Binary search algorithm
Introduction
Binary search algorithm, also known as half-interval search, logarithmic search, or binary chop, is a search algorithm that finds the position of a target value within a sorted array. It compares the target value to the middle element of the array; if they are unequal, the half in which the target cannot lie is eliminated and the search continues on the remaining half, again taking the middle element to compare to the target value, and repeating this until the target value is found. If the search ends with the remaining half being empty, the target is not in the array. Binary search runs in logarithmic time in the worst case, making O(log n) comparisons, where n is the number of elements in the array.
Overview
Binary search works on sorted arrays. Binary search begins by comparing the middle element of the array with the target value. If the target value matches the middle element, its position in the array is returned. If the target value is less or more than the middle element, the search continues in the lower or upper half of the array respectively, again taking the middle element to compare to the target value, and repeating this until the target value is found. This is achieved by keeping track of the array indices while dividing the array.
Algorithm
The binary search algorithm can be written as follows:
1. Find the middle element of the array. If the array has an even number of elements, the middle element is the element at the index (n-1)/2, where n is the number of elements in the array. If the array has an odd number of elements, the middle element is the element at the index n/2.
2. If the target value is equal to the middle element, return the index of the middle element.
3. If the target value is less than the middle element, repeat the process with the lower half of the array.
4. If the target value is greater than the middle element, repeat the process with the upper half of the array.
5. If the target value is not found after exhausting all elements in the array, return -1 or some other value that indicates that the target value was not found.
Complexity
The time complexity of binary search is O(log n), where n is the number of elements in the array.
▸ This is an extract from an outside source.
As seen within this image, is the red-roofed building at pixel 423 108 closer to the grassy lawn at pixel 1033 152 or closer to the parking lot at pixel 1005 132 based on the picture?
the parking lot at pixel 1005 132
This is because with each comparison, the algorithm eliminates half of the remaining elements from consideration. The space complexity of binary search is O(1), as it requires only a constant amount of additional space.
Applications
Binary search is used in a wide variety of applications. It is used in computer science for search algorithms and database methodologies. It is also used in mathematical algorithms to find roots of functions, and in numerical analysis to solve problems such as the eigenvalue problem.
Variants
There are several variants of the binary search algorithm. These include:
1. Interpolation search: This is a variant of binary search that, instead of dividing the array into two equal-sized halves, estimates the position of the target value, assuming an uniform distribution of the values in the array.
2. Exponential search: This is a variant of binary search that is used when the array is unbounded or the size of the array is unknown.
3. Fractional cascading: This is a technique that speeds up binary searches for the same value in multiple sorted lists.
4. Uniform binary search: This is a variant of binary search that uses a tabulated sequence of probe positions to perform searches in a manner that is efficient on modern computer architectures.